**Task to complete:** Only the pictures are to be left out; please reproduce everything else in the data exactly.

**Records provided:**
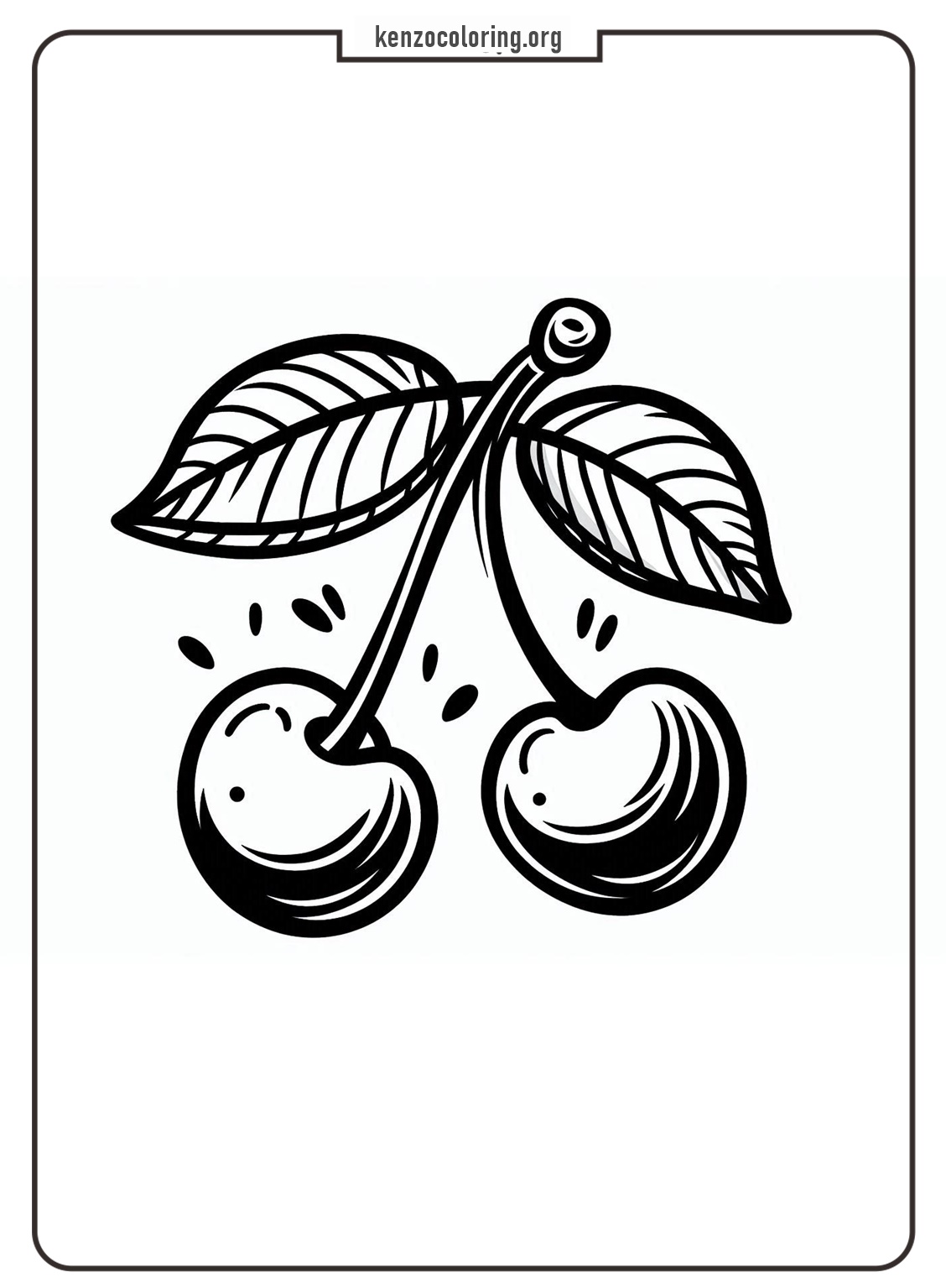 Cherry Coloring Pages 4 cherry fruit coloring page online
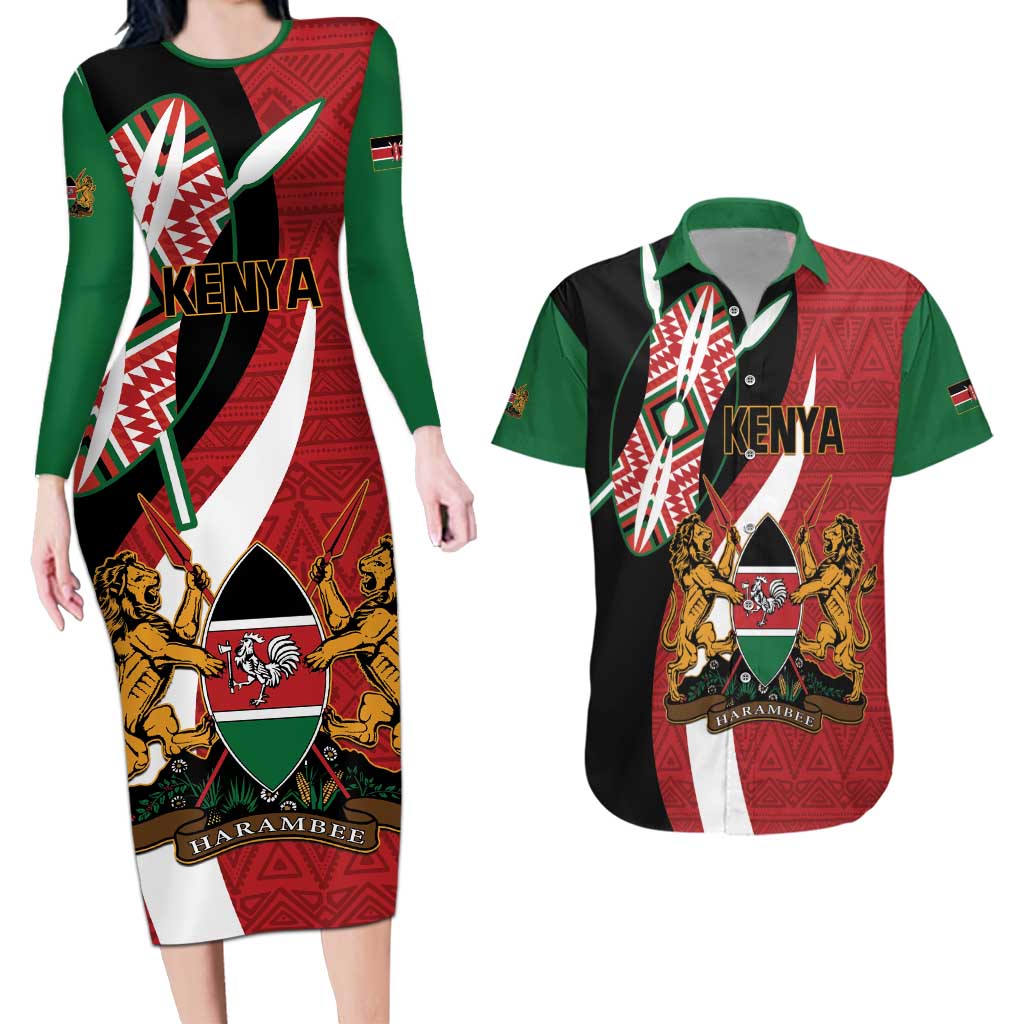 Custom Kenya Football Couples Matching Long Sleeve Bodycon Dress and Hawaiian Shirt Maasai Shield Coat Of Arms Style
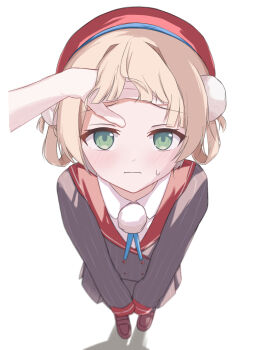 1girl 1other absurdres beret blonde_hair blurry blush brown_shoes closed_mouth collared_shirt commentary_request depth_of_field disembodied_hand from_above frown gokoupasuta green_eyes grey_jacket grey_skirt hair_ornament hair_rings hand_on_another&#039;s_forehead hat highres indie_virtual_youtuber jacket loafers looking_at_viewer pleated_skirt pom_pom_(clothes) pom_pom_hair_ornament red_hat red_sailor_collar sailor_collar shigure_ui_(1st_costume)_(vtuber) shigure_ui_(vtuber) shirt shoes short_hair simple_background skirt solo_focus striped_clothes striped_jacket striped_skirt sweatdrop v_arms vertical-striped_clothes vertical-striped_jacket vertical-striped_skirt virtual_youtuber wavy_hair white_background white_shirt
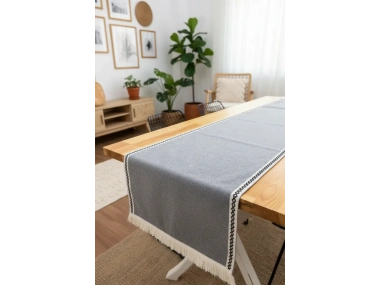 Gri Antrasit Siyah Şeritli Püsküllü Runner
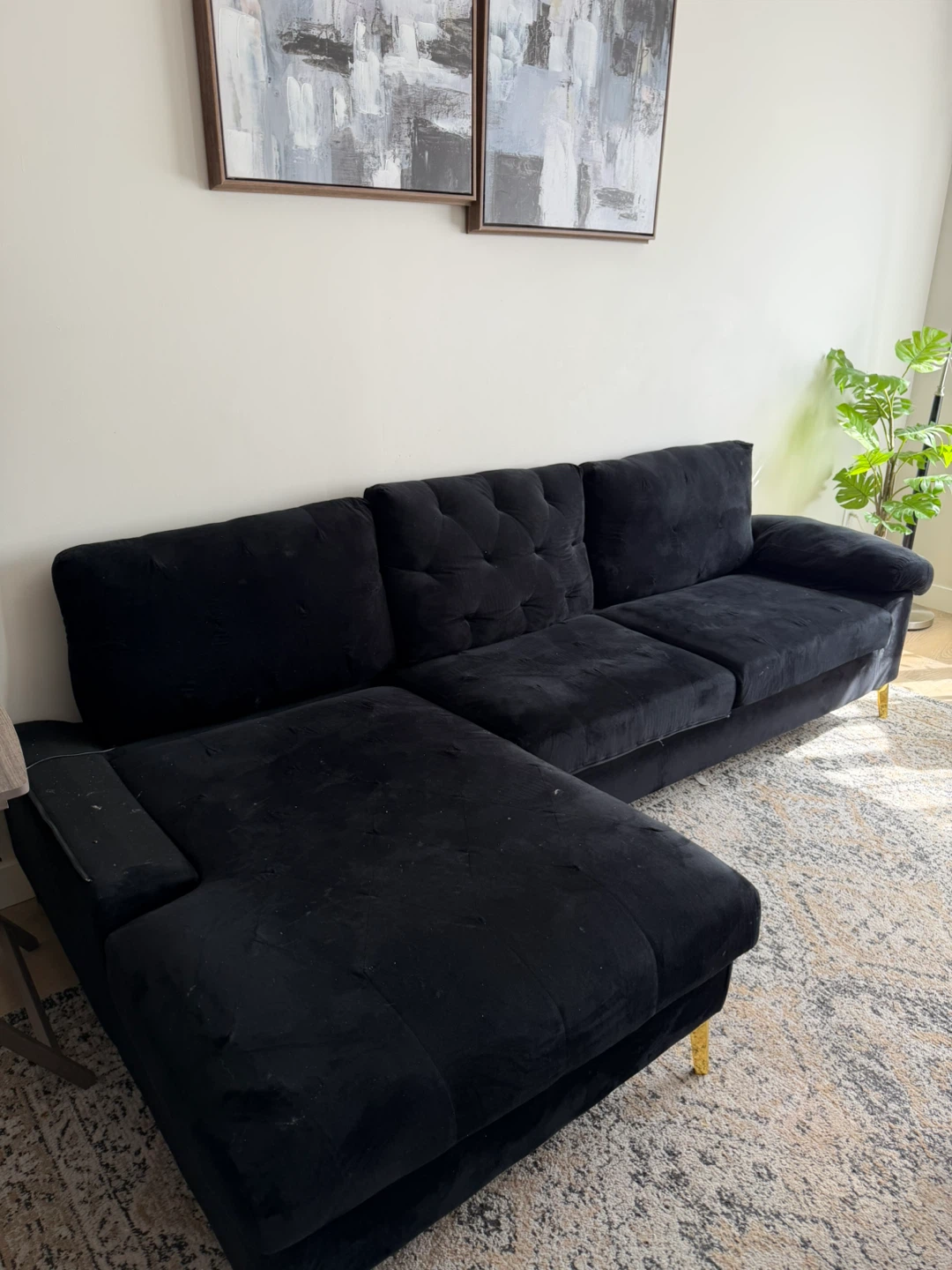 Black Velvet Sectional Sofa - photo 2
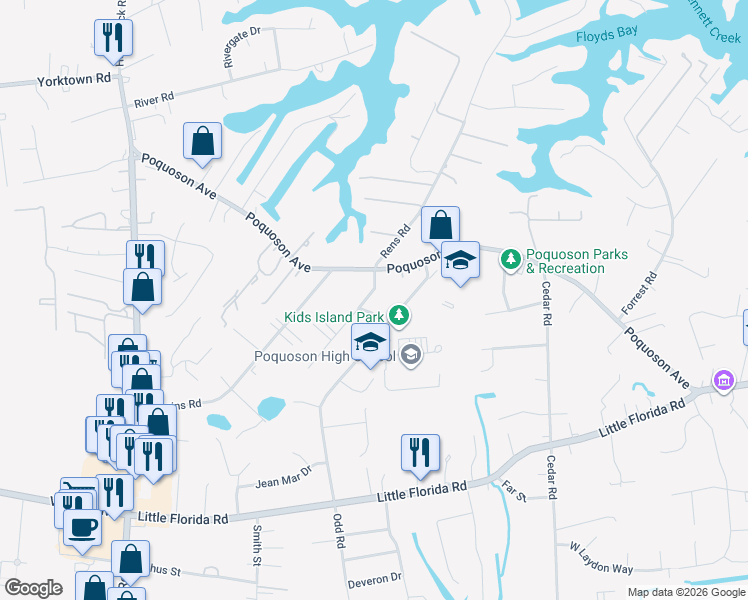 map of restaurants, bars, coffee shops, grocery stores, and more near 9 Terrace Drive in Poquoson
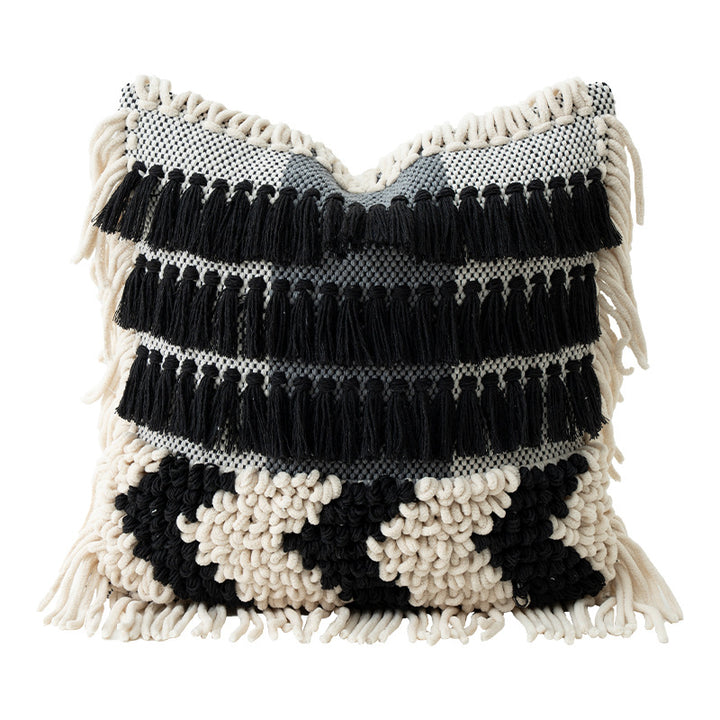 Decorative Boho cushion with cotton tufting, fringes and tassels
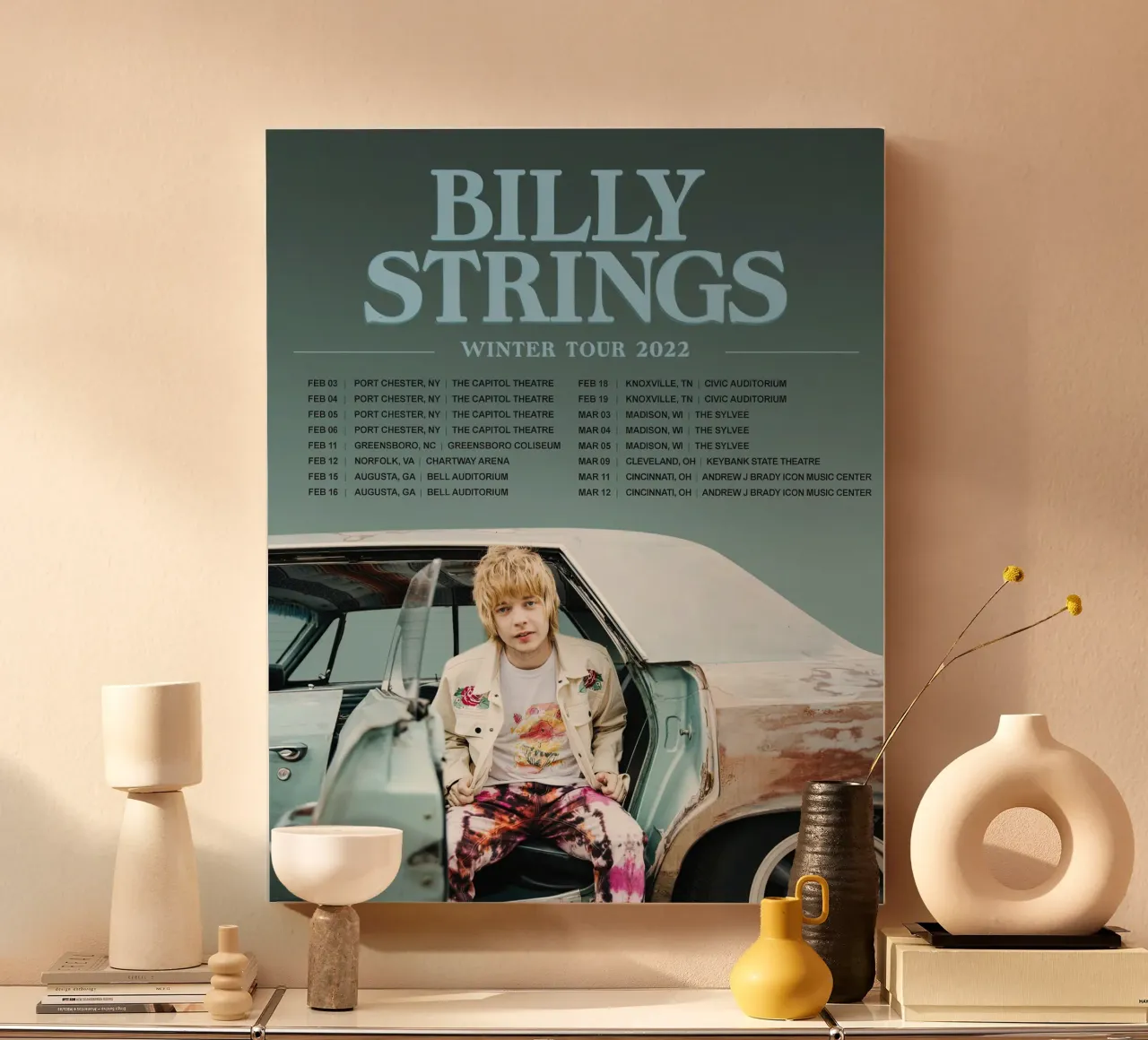 billy strings spring tour canvas by martina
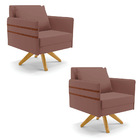 Kit 02 Poltronas Giratória Mari Veludo Base De Madeira Ma30 D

**Output:**
 Cherry Coloring Pages 4 cherry fruit coloring page online
 Custom Kenya Football Couples Matching Long Sleeve Bodycon Dress and Hawaiian Shirt Maasai Shield Coat Of Arms Style
 1girl 1other absurdres beret blonde_hair blurry blush brown_shoes closed_mouth collared_shirt commentary_request depth_of_field disembodied_hand from_above frown gokoupasuta green_eyes grey_jacket grey_skirt hair_ornament hair_rings hand_on_another&#039;s_forehead hat highres indie_virtual_youtuber jacket loafers looking_at_viewer pleated_skirt pom_pom_(clothes) pom_pom_hair_ornament red_hat red_sailor_collar sailor_collar shigure_ui_(1st_costume)_(vtuber) shigure_ui_(vtuber) shirt shoes short_hair simple_background skirt solo_focus striped_clothes striped_jacket striped_skirt sweatdrop v_arms vertical-striped_clothes vertical-striped_jacket vertical-striped_skirt virtual_youtuber wavy_hair white_background white_shirt
 Gri Antrasit Siyah Şeritli Püsküllü Runner
 Black Velvet Sectional Sofa - photo 2
 map of restaurants, bars, coffee shops, grocery stores, and more near 9 Terrace Drive in Poquoson
 Decorative Boho cushion with cotton tufting, fringes and tassels
 billy strings spring tour canvas by martina
 Kit 02 Poltronas Giratória Mari Veludo Base De Madeira Ma30 D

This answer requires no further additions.